RIOT SOX TEE
The outlook was quite bleak for the Riotville nine that day:
The festival almost over, with but one more band to play,
And then when Paramore died down, and M.I.A. did her best,
A pall-like silence fell upon the patrons of the fest.
A straggling few got up to go in deep through the pit. The rest
Clung to the hope which springs eternal here at Riot Fest;
They thought, “If only Jakey could but get a whack at it—
We’d put up even money now, with Jakey in the pit.”
But Prophets of Rage preceded Jakey, as did also Dinosaur Jr.,
And the former was a revolution, while the latter was baked;
So upon that stricken multitude grim melancholy sat,
For there seemed but little chance of Jakey getting to the pit.
But Prophets of Rage played their single, to the wonderment of all,
And Dinosaur Jr., the much loved, lived all over me;
And when the dust had lifted, and all saw what had occurred:
That Jakey was stuck in his trailer, settling the bands’ fees.
Then from fifty thousand throats and more there rose a lusty yell;
It rumbled through the park, it rattled in the El;
It pounded on the skyline and recoiled upon the shit,
For Jakey, mighty Jakey, was advancing to the pit.
There was ease in Jakey’s manner as he stepped into his place;
There was pride in Jakey’s bearing and a smile lit Jakey’s face.
And when, responding to the cheers, he locked up all his shit,
No stranger in the crowd could doubt ‘twas Jakey in the pit.
A hundred thousand eyes were on him as he signed those checks in ink;
Fifty thousand tongues applauded when he was then able to think;
Then while the writhing singer started playing “Boxcar,” Les Paul at his hip,
Defiance flashed in Jakey’s eye, a sneer curled Jakey’s lip.

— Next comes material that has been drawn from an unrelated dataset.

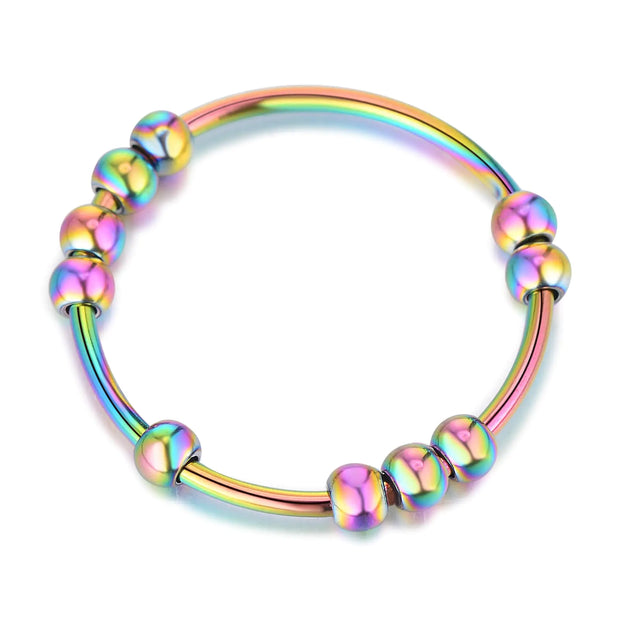 Tranquil Twinkle Comfort Rings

And now the notes of punk elitism came hurtling through the air,
And Jakey stood a-watching it in haughty grandeur there.
Close by the sturdy talent buyer the music unheeded sped—
“That ain’t my style," said Jakey. “What’s the score?!” the singer said.
From the crowd, filled with people, there went up a muffled roar,
Like the beating of the storm-waves on a stern and distant shore;
“Kiss it! ‘Kiss the Bottle!’” shouted someone on the stand;
And it’s likely they’d have skipped it had not Jakey raised his hand.
With a smile of charity great Jakey’s visage shone;
He stilled the rising tumult; he bade the show go on;
He signaled to the singer, and once more the dun tunes flew;
But Jakey still ignored it and the singer said, “Bivouac!”
“Amazing!” cried the maddened thousands, and echo answered “Amazing!”
But one scornful look from Jakey and the audience was awed.
They saw his face grow stern and cold, they saw his ears strain,
And they knew that Jakey wouldn’t let that song go by again.
The sneer is gone from Jakey’s lip, his teeth are clenched in hate,
He pounds with cruel violence his bat upon the plate;
And now the singer holds the encore, and now he lets it go,
And now the air is shattered by the force of Jakey’s glow.
Oh, somewhere in this favored land the sun is shining bright,
The Cubs are playing somewhere, and somewhere hearts are light;
And somewhere folks are laughing, and somewhere punters shout,
But there is no joy in Riotville—Mighty Jakey has passed out.